Affects Version/s: None
Fix Version/s: None
Component/s: Query Processor
The common framework for utilizing the mapreduce framework looks like this:
SELECT TRANSFORM(a.foo, a.bar)
AS x, y, z
SELECT b.foo, b.bar
FROM tablename b
CLUSTER BY b.foo
...however, this is exceptionally fragile, as it relies on the assumption that Hive is not doing any "magic" in between the query steps. People familiar with SQL frequently assume that query steps are effectively separated from each other. CLUSTER BY, then, would guarantee that data are clustered on their way OUT of the query, but really what we need is a directive to indicate that data must be clustered on the way INTO the query.
This is not pedantic, because there is no reason that Hive wouldn't try to optimize data flow between queries, for example, systematically splitting up big queries. The UDAF framework, with its merging step, would allow a single key/value pair to be split across SEVERAL reducers, "violating" the mapreduce assumptions but returning the correct data...however, for a TRANSFORM statement, no such protections are afforded.
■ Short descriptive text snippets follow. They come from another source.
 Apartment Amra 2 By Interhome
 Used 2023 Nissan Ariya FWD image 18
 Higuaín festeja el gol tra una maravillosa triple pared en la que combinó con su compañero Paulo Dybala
I propose, for greater clarity, that these directives be part of the same query level. Example syntax:
SELECT TRANSFORM(foo, bar)
AS x, y, z
CLUSTERED BY foo;
...in other words, move the directive regarding data distribution to the query that actually cares about it, allowing for users who are making the assumptions of the mapreduce framework to formally indicate that their transformer really DOES need clustered data. Or to put it in other words, CLUSTER BY is a directive guaranteeing that data are clustered on the way OUT OF a query (i.e., for bucketed tables), whereas CLUSTERED BY is a directive guaranteeing that data are clustered on the way INTO a query.
Bonus points: For tables that are already CLUSTERED BY in their definition, allow this query to run in the map phase.